A different case would be if you had something like 'action points' where you might want to spend some on movement and retain some to perform an action like attacking. That would make it more complicated.
So what you want is a list of all available tiles you can go to and the least damage you can take while getting there. I think each tile in your path then needs an array of objects with distance and damage, and you can't simply mark a tile as 'visited', but check if the new way you get there gives you less distance, or less distance for a given damage value. Both paths should be evaluated.

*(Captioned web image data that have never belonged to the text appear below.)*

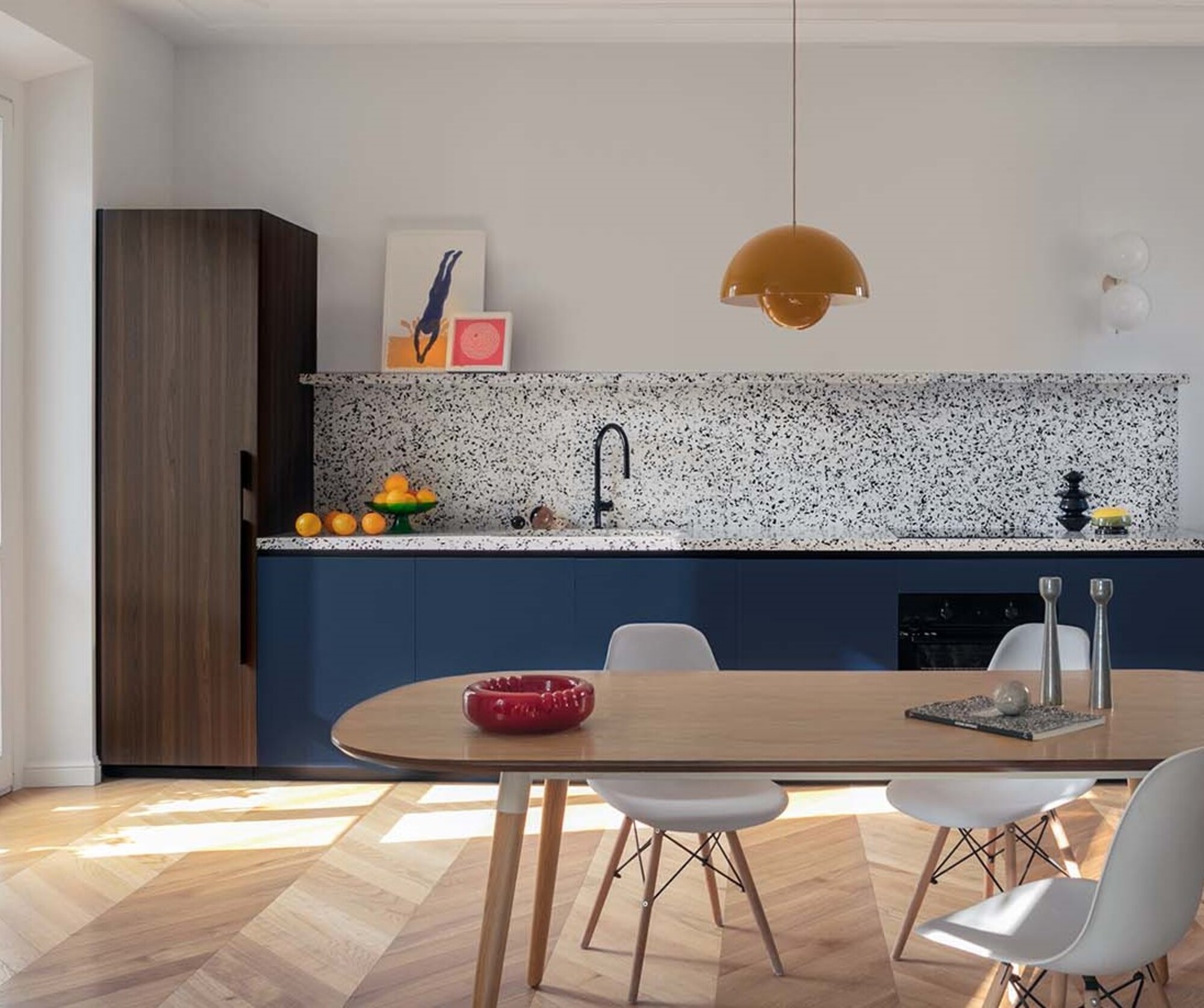 A kitchen with hanging pendant light and terrazzo backsplash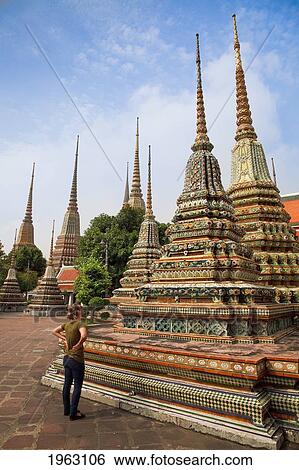 tourist viewing chedi at buddhist temple; bangkok, thailand View Large Photo Image Stock Photograph - tourist viewing chedi at buddhist temple; bangkok, thailand. Fotosearch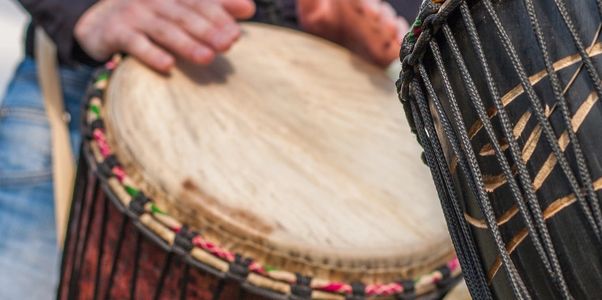 A music therapist leading a drum therapy circle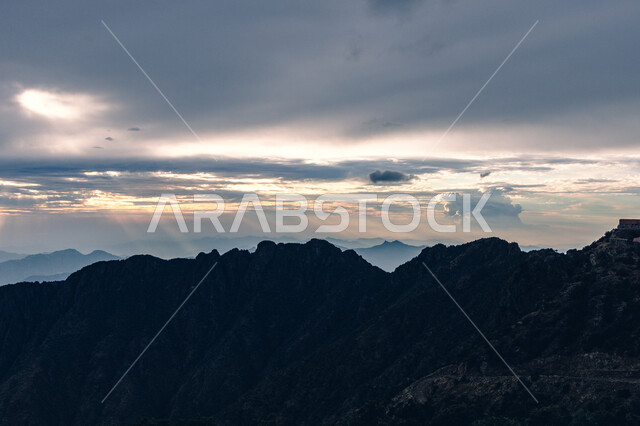 البيئة الطبيعيه في المرتفعات والهضاب، لحظات غروب الشمس فوق جبال السودة بمنطقة عسير جنوب غرب المملكة العربية السعودية، منظر خلاب للسماء الملبدة بالغيوم، الأماكن والمعالم السياحية المشهورة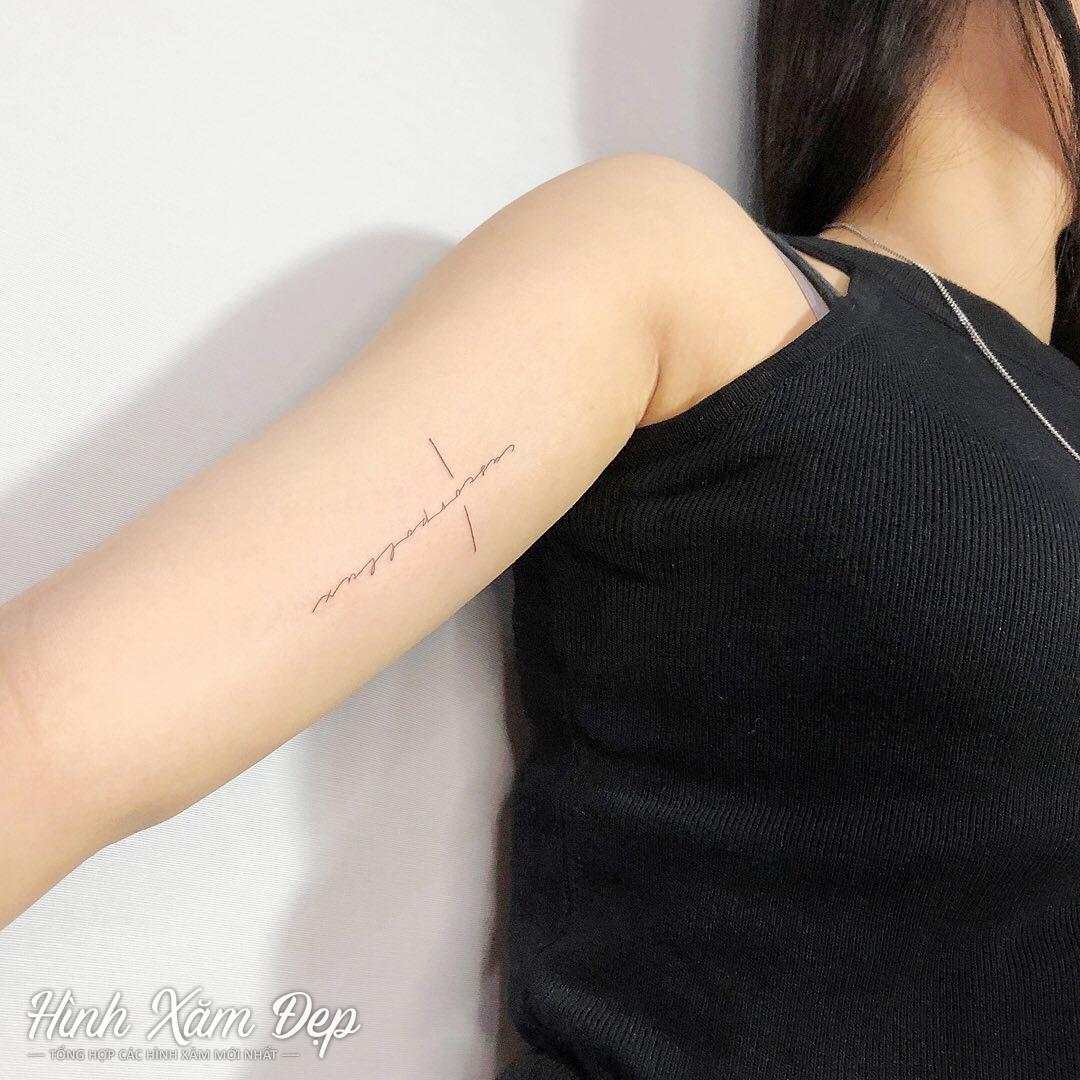 Hình xăm thánh giá chữ ở bắp tay nữ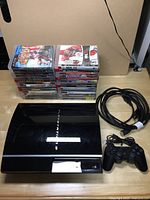 PlayStation 3 console, controller, power cable, HDMI cable and stacked video games arranged neatly on floor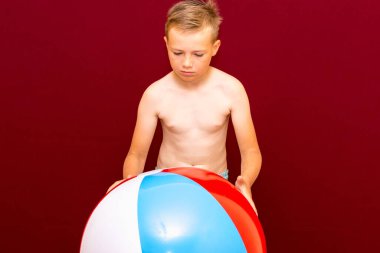 Kırmızı arka planda şişme plaj topu oynayan mutlu beyaz öğrenci. Yaz tatili kavramı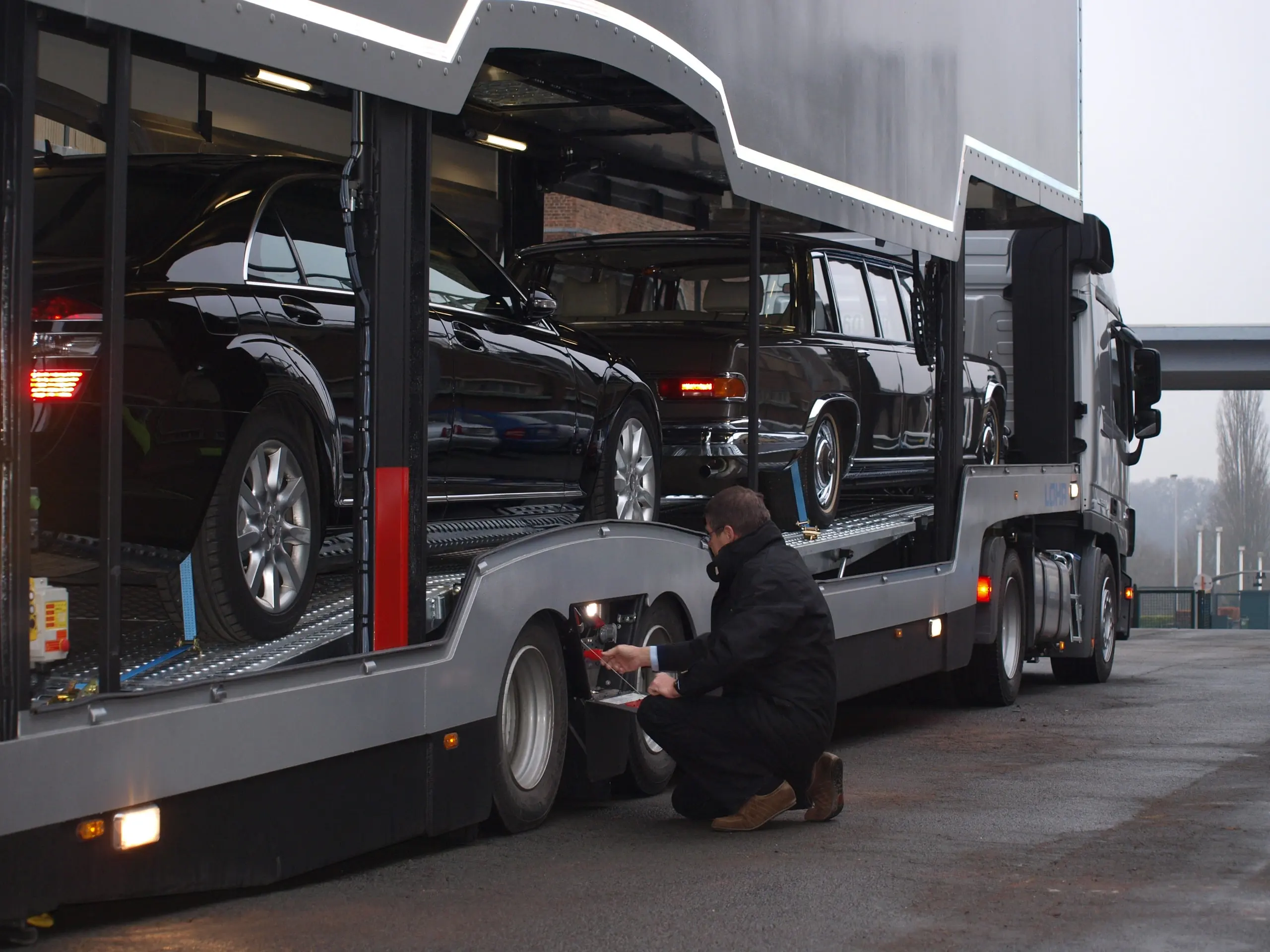 Crewmitglied kniet, um einen klassischen Mercedes auf dem unteren Deck zu zurren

So when you are checking tilesTo
and the tile doesn't exist, add it. If it already exists, add path to an array of from paths along with the distance. An example, say you are on tile B trying to get to E, with the numbers representing the heights, and you take 10 points of damage for each level dropped above the first, and tiles are joined horizontally and vertically:
ABCDE
FGHIJ
KLMNO
PQRST
Height map:
24100
23200
12100
01000
You begin with a starting node:
{ tile: B, from: START, distance: 0, damage: 0 }
Then you look at the tiles you can get to and add paths to them, queueing for processing:
{ tile: A, from: B, distance: 1, damage: 10 }
{ tile: C, from: B, distance: 1, damage: 20 }
{ tile: G, from: B, distance: 1, damage: 0 }
The tile A node above generates only one new path to F if you can't climb back to B, carrying along the 10 damage from the previous record, which is added to your list and queued:
{ tile: F, from: A, distance: 2, damage: 10 }
The tile C node when you process it generates two new records (assuming you can't climb back to B) based on the distance 1 and damage 20, adding 1 more distance but no more damage. These are added to your results and queued for processing.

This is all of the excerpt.